Jak zawodnik przeżywa porażkę?

PW: Ja także, podobnie jak Sławek, nie lubię przegrywać – tak wychował mnie tata. Kiedy grałem z nim w piłkę nożną, nie dawał mi wygrywać. Ja wtedy obrażałem się i płakałem, nienawidziłem przegrywać – mam to w charakterze. Dopiero z czasem nauczyłem się przegrywać. Porażka powinna być jednak dalszą motywacją do pracy – coś się nie udało, coś źle zrobiłem, siedzi to w głowie: tę interwencję mogłem zrobić szybciej, mogłem wyjść do koła, wtedy byśmy wygrali. Porażka powinna być dodatkowym bodźcem do dalszej jeszcze cięższej pracy.

SS: Ja porażki bardzo ciężko przeżywam. Wtedy mamy taki zwyczaj z małżonką. Kiedy ona wyczyta w Internecie, że przegraliśmy, wtedy wie, że nie wracam do łóżka. Przyjeżdżam do domu najczęściej późnym wieczorem i wtedy myślę cały czas o meczu. Myślę, co mógłbym zmienić w danym momencie. Kilka razy w głowie ten mecz przeżywam. Potem przychodzi kolejny dzień i mówię: trzeba do pracy, trzeba dalej ciężko pracować, żeby poprawić się.

A czy znacie sportowców, waszych kolegów, dla których porażka przychodzi lżej?

SS: Są różne szkoły. Na przykład Skandynawowie podchodzą do niej pozytywnie. Wiem, że mecz zagrałem fatalnie, a przychodzi do mnie facet i mówi: „Świetne pierwsze dziesięć minut”. To zależy od mentalności, od kraju, z którego człowiek pochodzi. Skandynawowie potrafią porażkę szybciej odsunąć na bok. My dłużej ją rozpamiętujemy. Pamiętam czasy, w których każda porażka była karana. I człowiek nosi to w głowie, że coś źle zrobił. U nich to wszystko szybko idzie na bok. To jest chyba lepsze, ponieważ człowiek potrafi pozytywnie przetrwać trudne momenty.
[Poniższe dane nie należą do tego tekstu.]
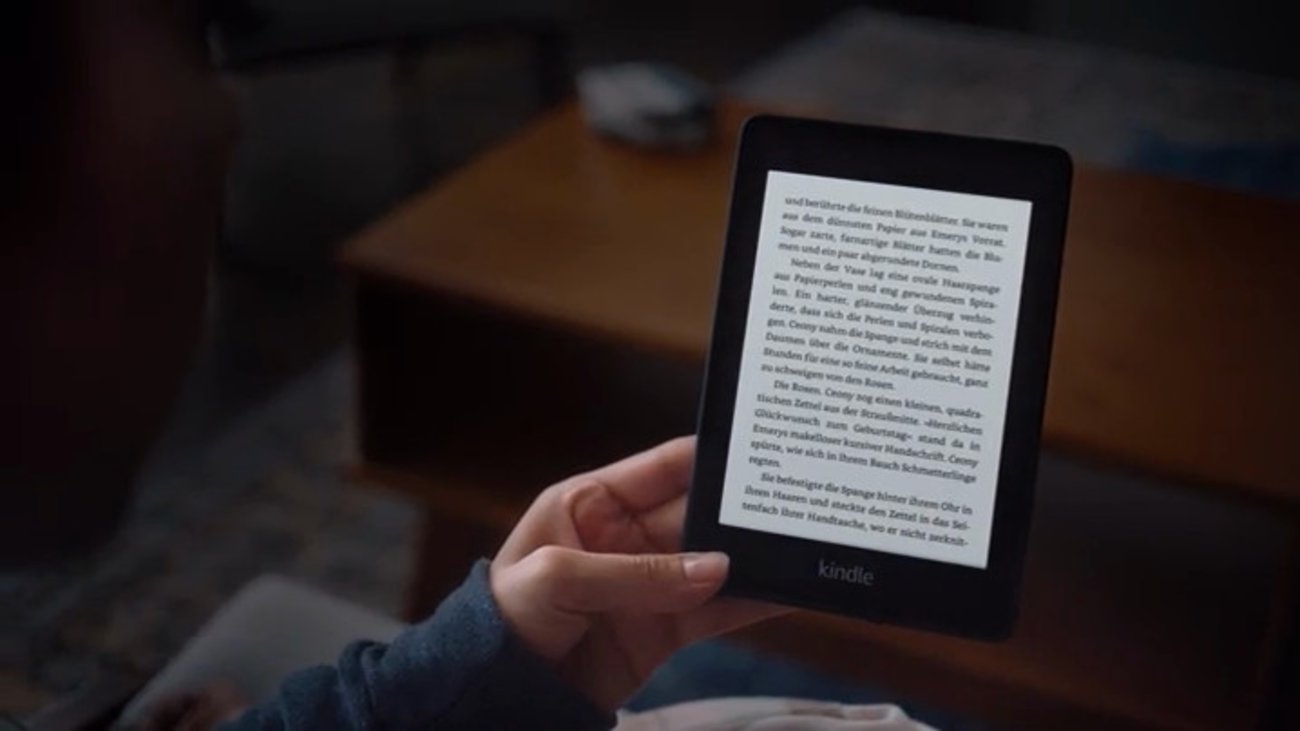 Trailer zum Amazon Kindle Paperwhite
Czy Norwegowie w taki sposób przeżywają ów sławny mecz z Polakami, kiedy przegrali w ostatniej sekundzie?

SS: Tak, oni ten mecz rozpamiętują, ale – wiem, ponieważ mam kolegę Norwega w drużynie – mówią, że to nie był koniec świata, bo oni zagrali świetny mecz.

Wobec tego jak inni przeżywają sukces, jeśli do porażek podchodzą z takim dystansem, widząc przede wszystkim to, co dobrego udało się zrobić?

SS: To zależy. Czymś innym jest sukces jako wygrana meczu ligowego, a czymś innym jako wygrana medalu na mistrzostwach Europy lub świata. Sukces jest chyba wszędzie podobnie świętowany. Jednak znam mało sportowców, którzy sukces obracają w samozadowolenie, bo to chyba najgorsza rzecz, jaka może być. Po sukcesie zawsze jest pragnienie, aby po nim wygraj kolejne mecze, nawet 10, 11, żeby mieć taką super-serię. Sukces wtedy jest obracany w motywację. Wszyscy na to patrzą w ten sposób, u nas w zespole bynajmniej.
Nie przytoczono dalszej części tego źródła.